China may contribute $8 billion to establish Shanghai Cooperation Organization (SCO) Development Bank, the 21st Century Business Herald reported Thursday.
The proposed fund to establish the bank could be as large as $10 billion. China would be the main investor, and the remainder may come from other SOC members like Russia, according to the report.
The SOC is an intergovernmental organization founded in 2001 in Shanghai by the leaders of China, Kazakhstan, Kyrgyzstan, Russia, Tajikistan, and Uzbekistan. Besides Uzbekistan, all of the other countries were members of the Shanghai Five, founded in 1996. The members renamed the organization after Uzbekistan joined in 2001.
In the organizsation's 9th prime ministers' meeting, which was held in Dushanbe, Tajikistan this November, Chinese Premier Wen Jiabao proposed further financial cooperation among the members and the founding of a bank to explore new ways of common benefits.
According to report, one expert said the main purpose for establishing the development bank is to promote multilateral economic cooperation within the SCO framework.
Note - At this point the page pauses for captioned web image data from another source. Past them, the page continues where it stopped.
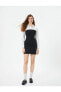 Фото #2 товара Gömlek Detaylı Mini Straplez Elbise Slim Fit Uzun Kollu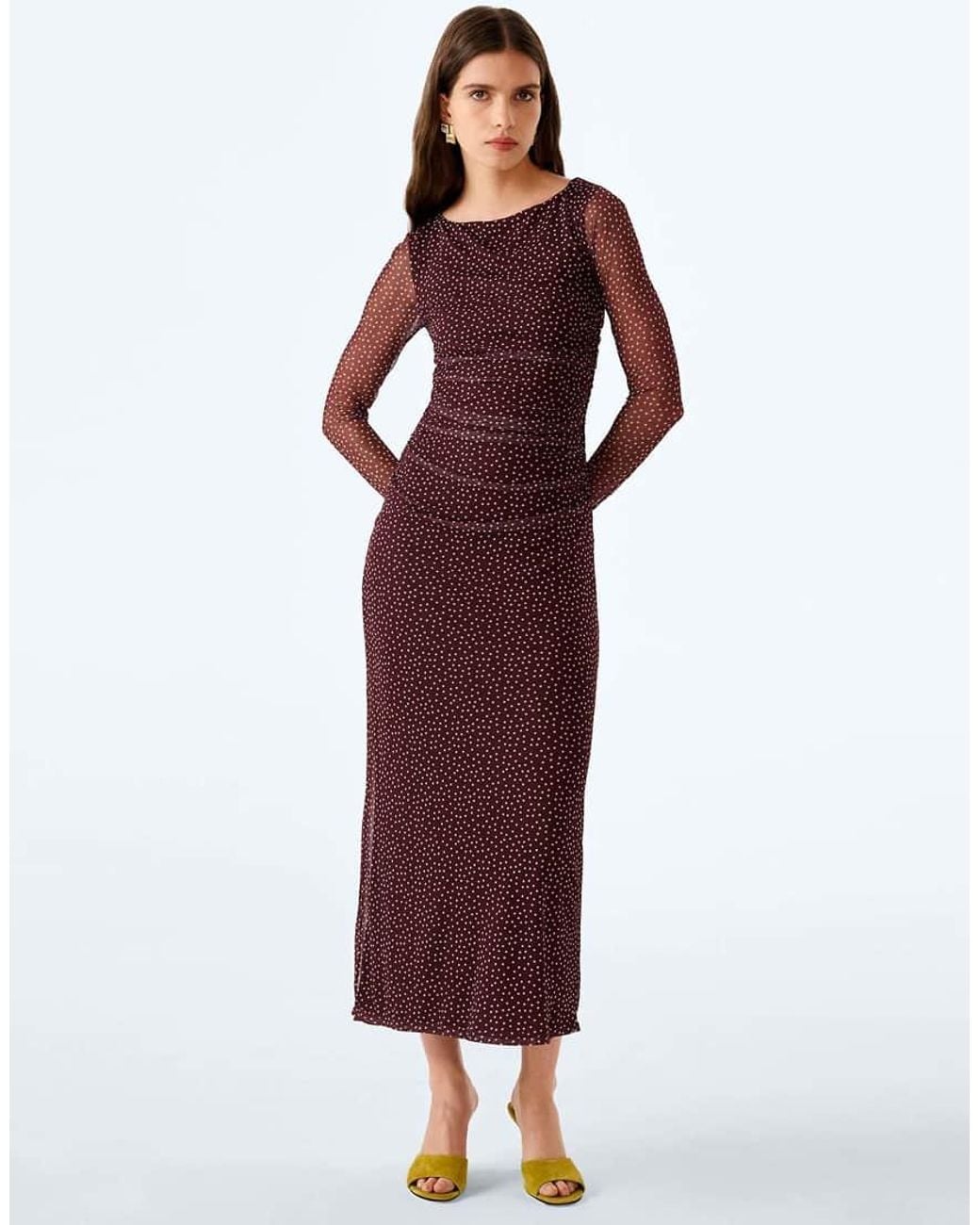 OMNES Red Hollis Polka Dot Maxi Dress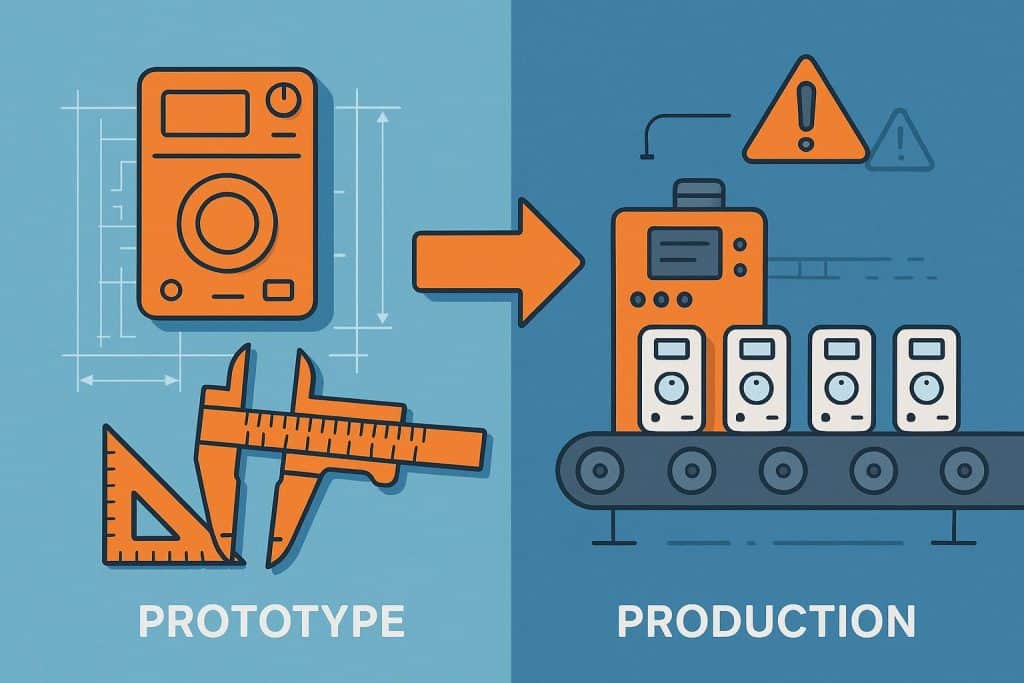From Prototype to Production: How Startups Can Avoid Costly Manufacturing Mistakes Startup assembling prototype product in factory, focusing on efficient manufacturing processes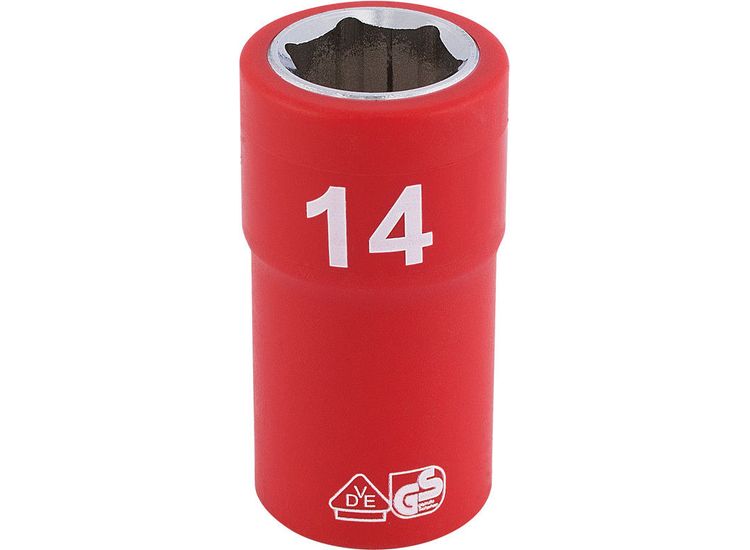 Draper 31697 3/8" Sq. Dr. Fully Insulated VDE Socket (14mm)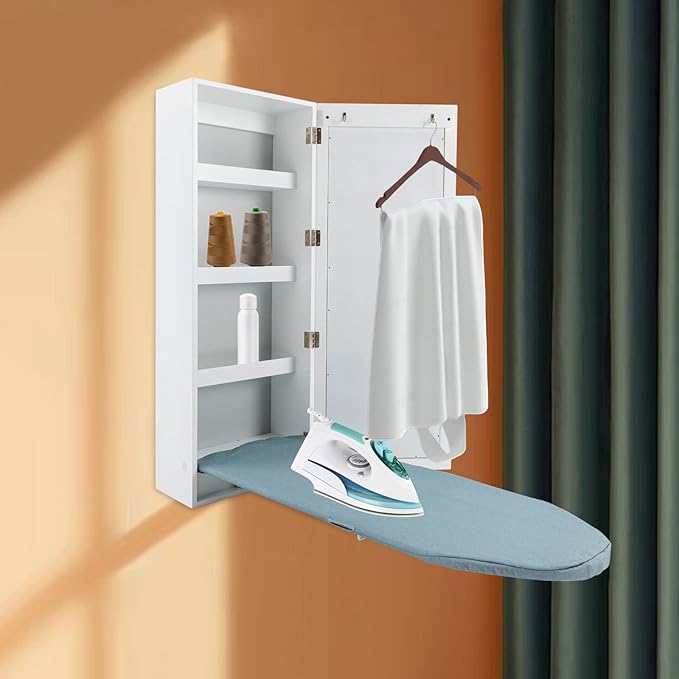 3 Tier Shelf Wall-Mounted Ironing Board Foldable Clothes Ironing Table Pull-Out Stow Away Ironing Board Retractable Small Ironing Board Ironing Storage with Mirror for Home Apartment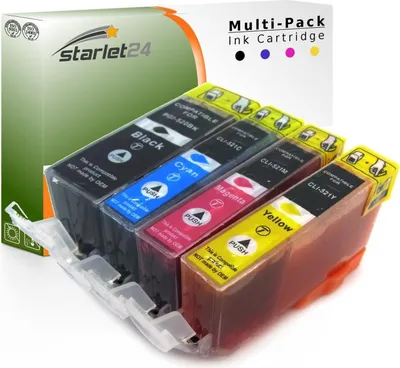 Produktbild von 5x Druckerpatronen ersetzt Canon PGI-520 CLI-521 - für Canon Pixma iP3600 iP4600 iP4700, MP540 MP550 MP560 MP620 MP630 MP640 MP980, MX860 MX870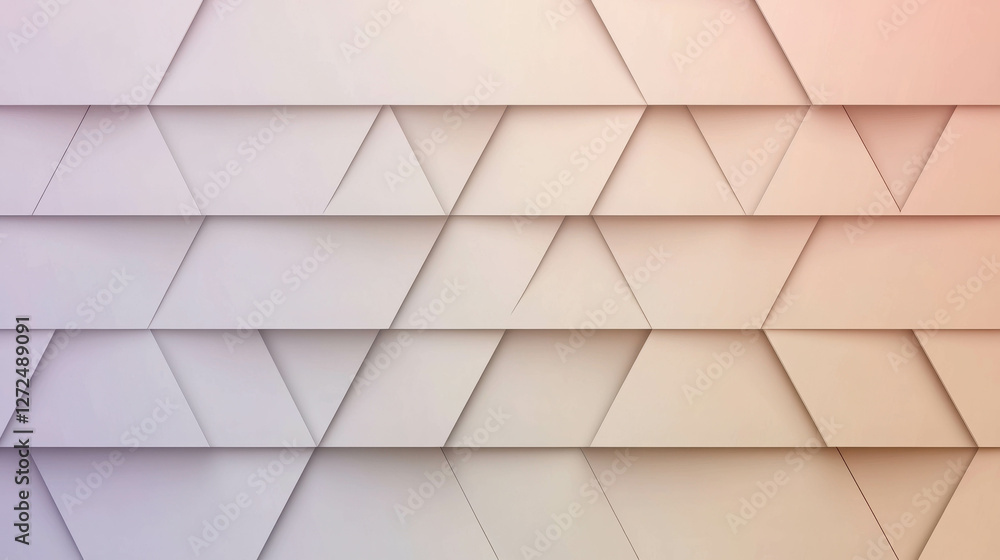Aufkleber elegant pastel geometric background with layered triangles in soft tones and textured design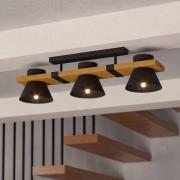 EGLO Taklampa MacCles i svart med trä, 3 lampor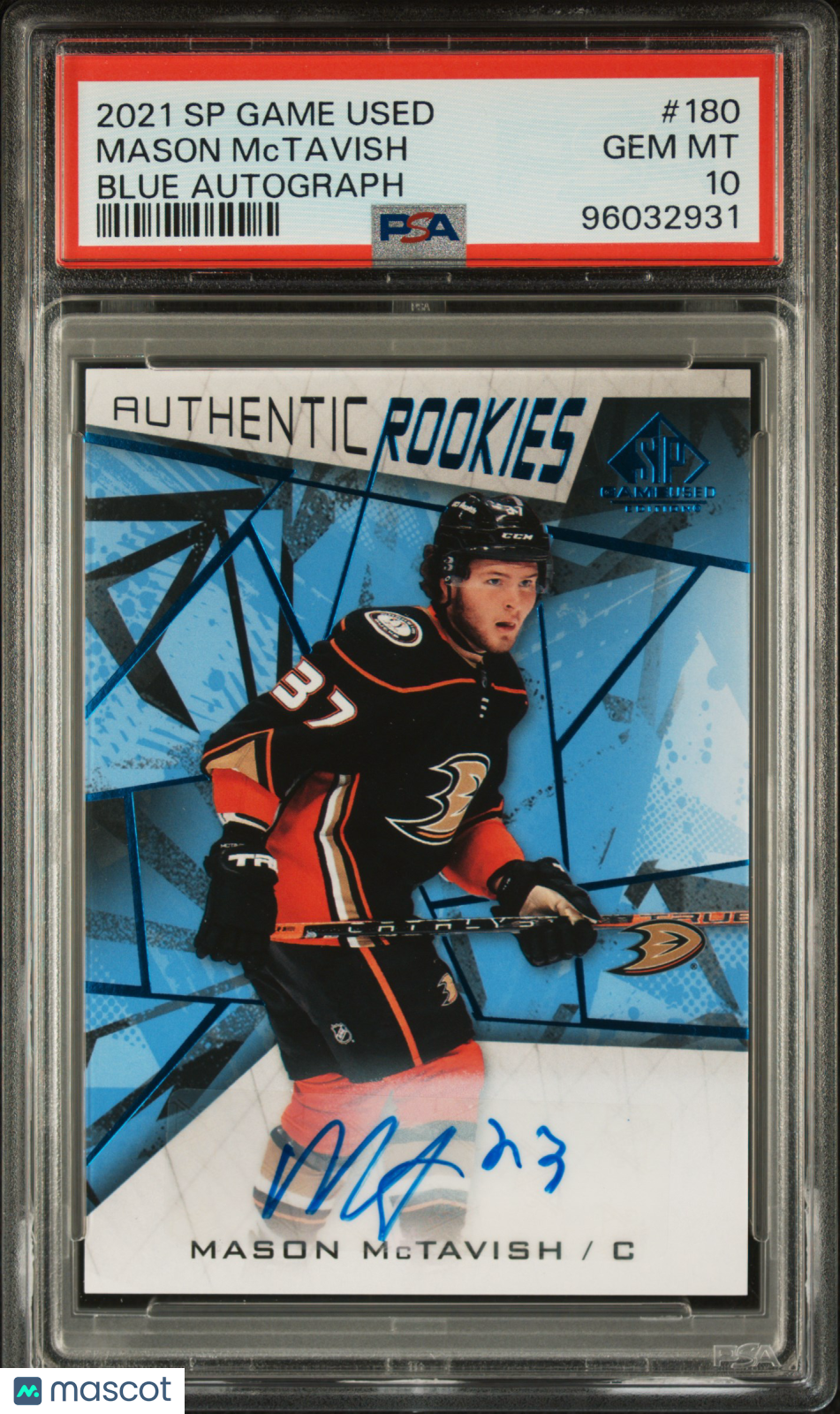 2021 SP Game Used Mason Mctavish Rookie Auto #180 Blue Autograph PSA 10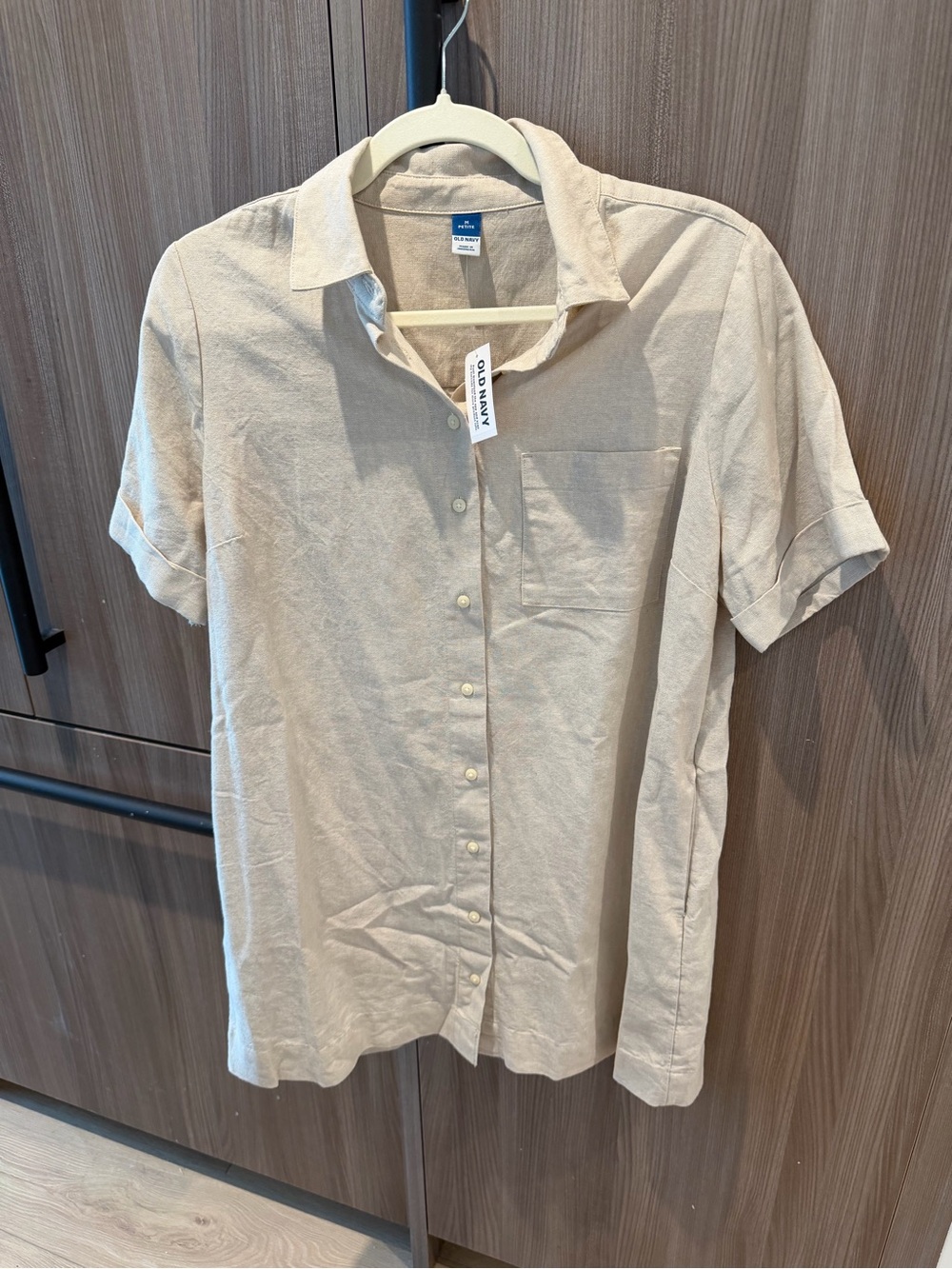 Old Navy Women’s Short-Sleeve Button-Up Dress - Beige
So far, the members' multilateral cooperation is only restricted to the field of transportation, but most of the economic cooperation is bilateral.
The SCO Development Bank will be established with reference to the framework of the World Bank and the International Monetary Fund. China will have more say in the bank's activities if the power is dependent on investment proportion, the report said, citing Wang Haiyun, senior consultant with China International Institute for Strategic Society.
However, the bank is still just a proposal, and officials are unclear when it will actually open. And though central Asian members have responded well to the plan, the report describes Russian officials as less than enthusiastic.